Document Type

Dissertation

Rights

This item is available under a Creative Commons License for non-commercial use only

Disciplines

Social sciences, Education, general, including:

Publication Details

Successfully submitted for the award of International Master of Early Childhood Education and Care. to the Dublin Institute of Technology, August 2012.

Abstract

This thesis explores the introduction of the Free Preschool Year (FPY) in Ireland from the early childhood 'educators' and 'policymakers' perspectives. Under the new FPY initiative introduced in 2010, all children between the ages of 3.2 - 4.7 are offered free preschool hours for a period of one year prior to their entrance into primary school. This research identified the need to study the introduction of FPY as research into this topic to date has been limited. The purpose of this research was to understand the rationale behind this new initiative as well as exploring the issues of 'qualification requirements', 'professionalism' and 'quality' within the Early Childhood Education and Care (ECEC) sector in Ireland.
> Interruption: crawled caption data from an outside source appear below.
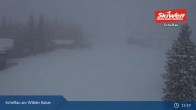 Archiv Foto Webcam Scheffau am Wilden Kaiser - Brandstadl 14:00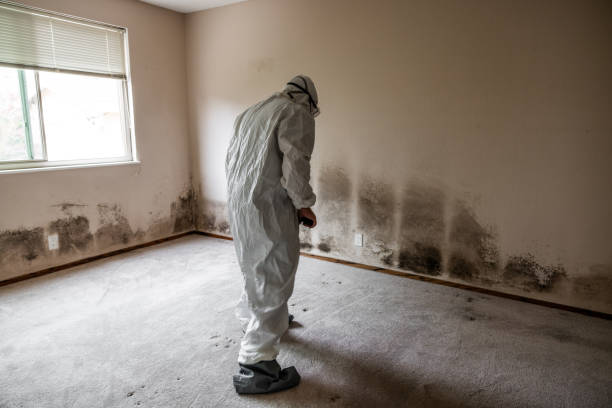 Best Mold Damage Repair  in Geneva, OH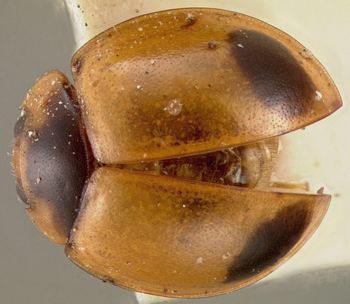 Media type: image;   Entomology 6695 Aspect: habitus dorsal view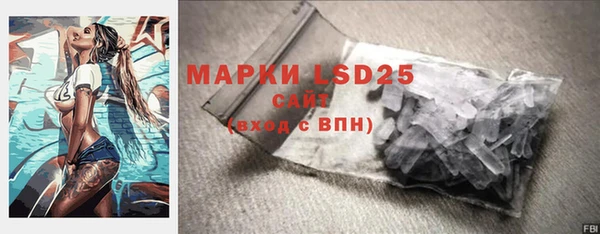 шишки Арсеньев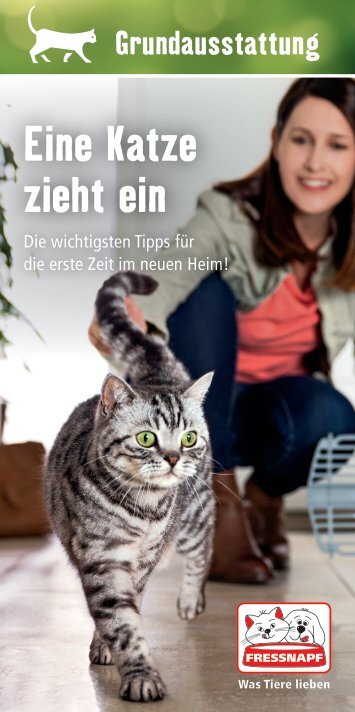 Eine Katze zieht ein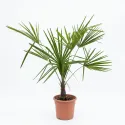 Palmier (Washingtonia robusta), ghiveci 5L, H 80-100 cm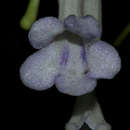 Imagem de Streptocarpus solenanthus Mansf.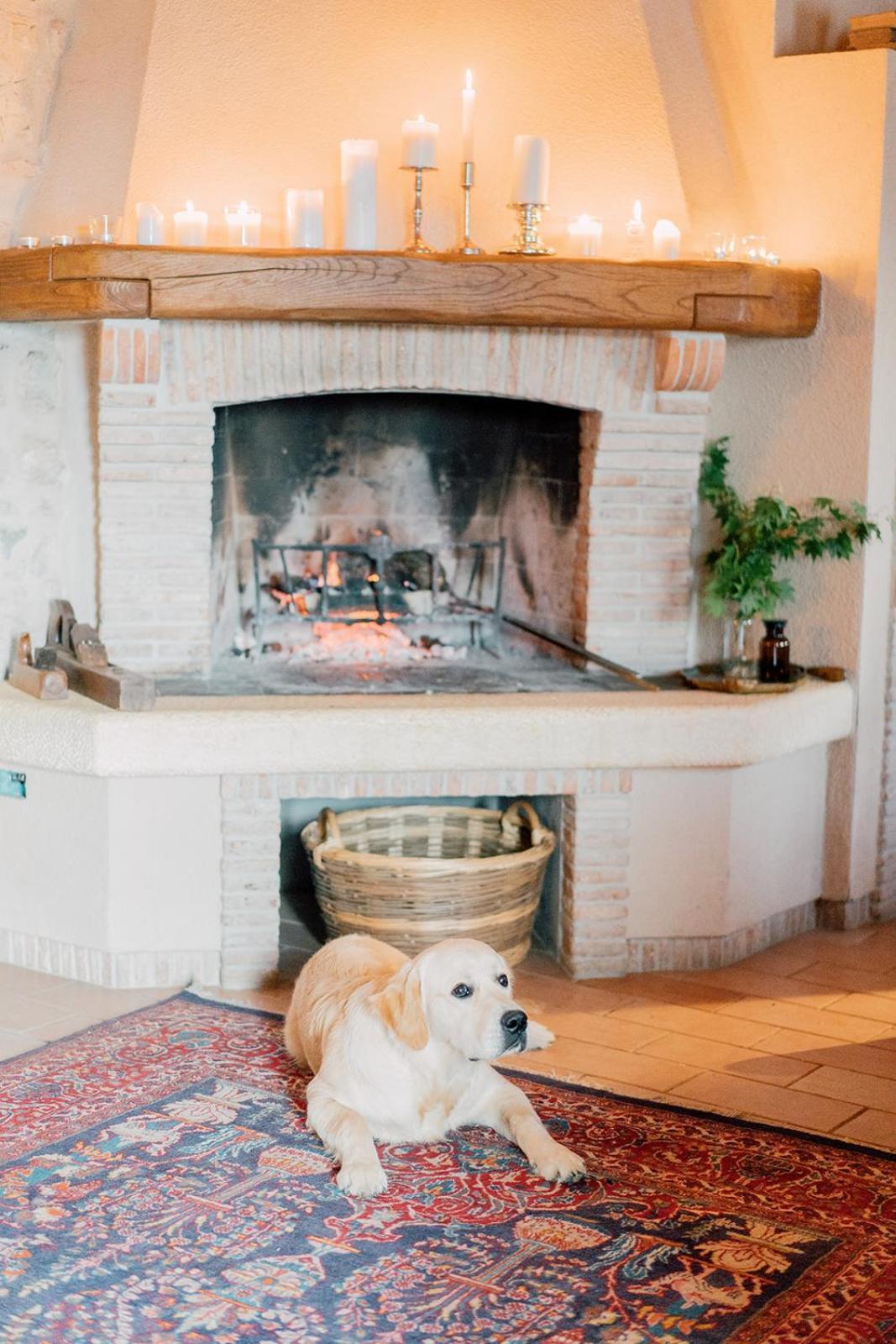 Agriturismo Il Conte Vassallo 미아네 외부 사진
Semi-structured interviews were conducted with 11 respondents (3 key policymakers and 8 educators) regarding core issues under study. Bearing in mind that FPY was introduced during the period of economic crisis in Ireland I have adopted the theory of 'constructivist institutionalism' as a guide to bring some insight into the issue of policymaking processes during economic crisis (Hay, 2006). Findings suggest that the policy ideas behind the introduction of FPY were driven by economic crisis, which suggests that other presented key objectives: saving childcare infrastructure, keeping people in employment as well as preventing the collapse of ECEC could only have been argued for during the economic crisis. One of the key findings in this research is that with the introduction of FPY and its concomitant qualification requirement/standardisation, the ECEC sector is becoming institutionalised and professionalised as a result of these new policy changes. Findings also suggest that 'early education' may have superseded 'childcare' in ECEC policy thinking. However, this attention towards preschooling may lead to decreased attention to ECEC service to children under 3.2 years. Some of the key challenges highlighted in this research were related to issues of quality, training, professional recognition and age category. Nonetheless, the findings in this research suggested that FPY policy has been highly welcomed by all the stakeholders as an important step towards ensuring equality of access, quality provision, qualification standardisation as well as professionalisation of the ECEC sector and its workforce in Ireland.